When talking fire, we call the area around your home the Home Ignition Zone, which consists of three smaller zones. For the purposes of this article, we will focus on what is called the “Immediate Zone,” where ember awareness is critical. This zone is defined as the area your house sits on plus 5 feet on any side (click here to learn about the other parts of the home ignition zone).

In the Immediate Zone, it is very important to get rid of anything that a wandering ember could ignite. One way to think of this when looking around your Immediate Zone is: Could a single match get a fire started here? If the answer is yes, remove that material!

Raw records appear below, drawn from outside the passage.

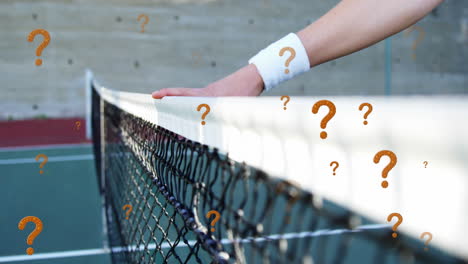 Animation-of-question-mark-symbol-over-cropped-hand-of-caucasian-tennis-player-on-net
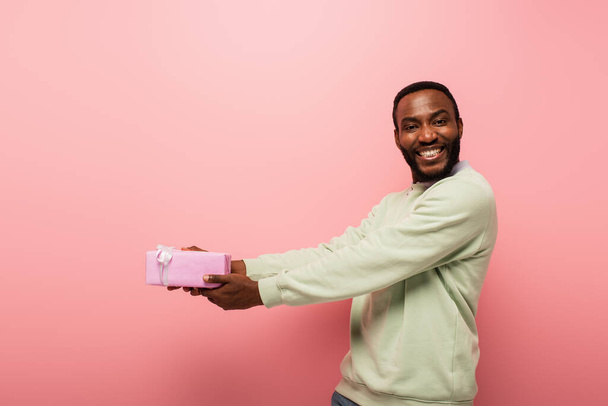 allegro uomo afro americano in possesso di dono in mani tese su sfondo rosa - Foto, immagini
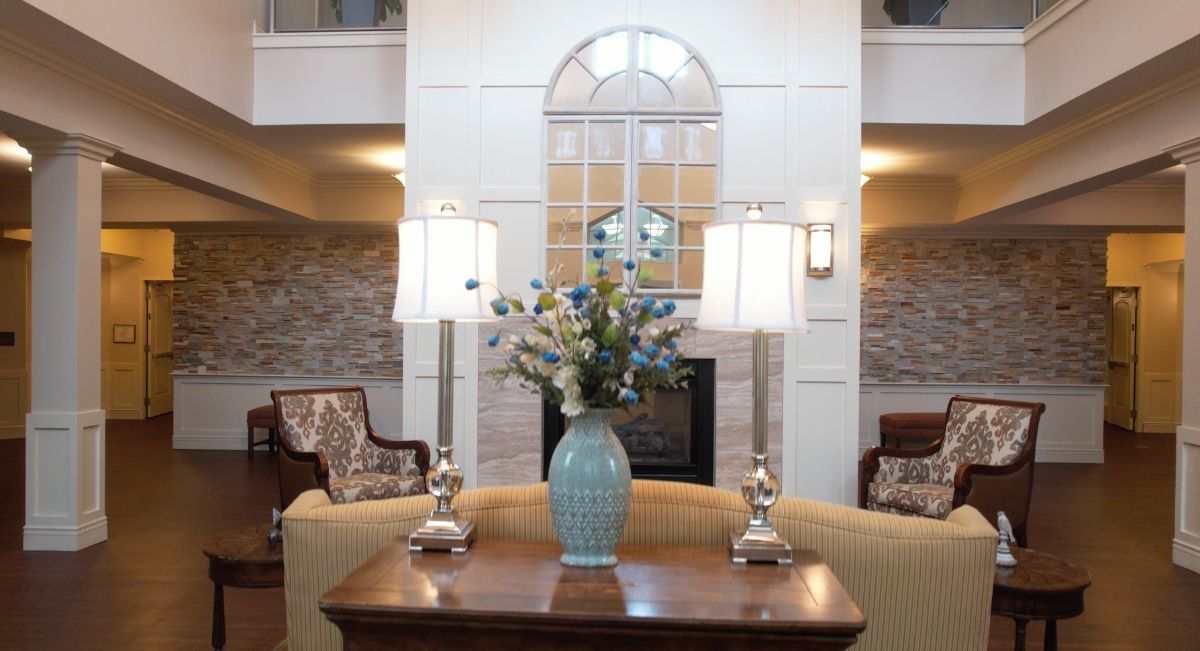 A cozy living room with a decorative vase of flowers and elegant lamps.
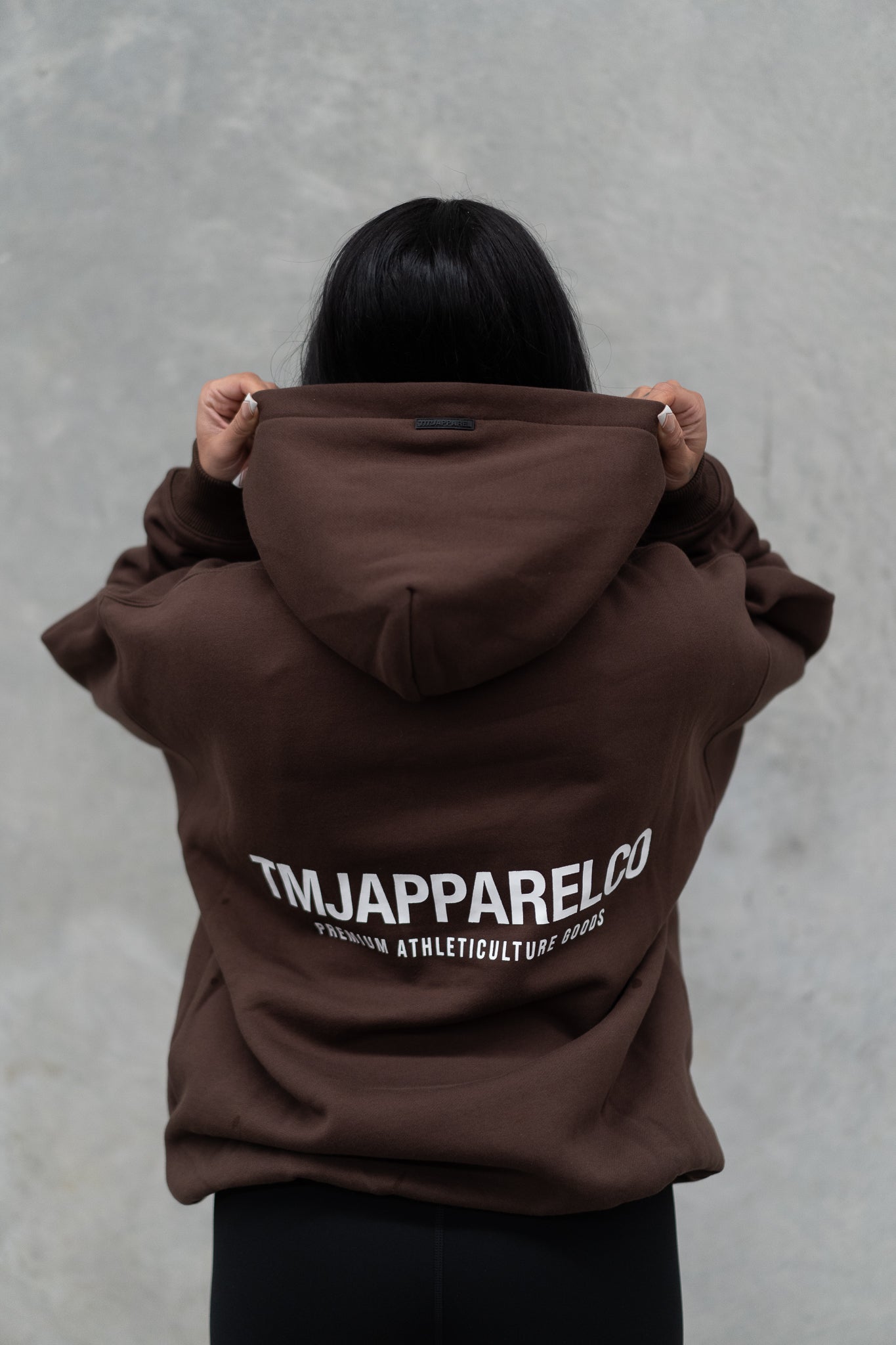Female wearing TMJ Apparel Athleticulture Hoodie in Brown showing the back of the hoodie with white text saying TMJAPPARELCO Premium Athleticulture Goods in the middle centre of back.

Some common items we see in the Immediate Zone that an ember could ignite are:

  • Newspaper in a recycle bin
  • Woodpiles
  • Cardboard
  • Dry leaves and needles
  • Door mats made from flammable material.
  • Wood decking (click here to learn more about wood decking)
  • Containers with dead plants (many hanging planters contain peat moss, which easily ignites)
  • Dead plants
  • Any other flammable material

While this list may seem long, the process of identifying and removing fire ignition hazards is easy: Simply walk around your house and look for anything that could catch fire if an ember landed on it. When you find something remove it.

Today I walked around my house and storage sheds and found a pair of cotton gloves, some 2x4s, and a pile of dry leaves. I put the gloves and 2x4s in the shed; the leaves I raked up and put in my compost bin (which is 30 feet from my house). Within 15 minutes I had completed a fire safety check for potential ember hazards around my house. Now I can leave knowing that I have reduced the chance of an ember burning my house down.

Are there more things you should do to protect your home from the next wildfire? There are lots of other tasks you could do in the other parts of the Home Ignition Zone, but they take longer than 15 minutes. Some tasks are better to do in different seasons.

Keep an eye out for the next installment of Wildfire Corner, where we will discuss the other ignition zones — the Intermediate Zone (5 to 30 feet from the home) and the Extended Zone (30 to 100 feet or more) — and the prevention goals for each in more detail. For now, make sure you check your Immediate Zone before you go on your summer vacation.

Whether it’s just for the weekend or a two-week road trip, always remember to do your fire safety check!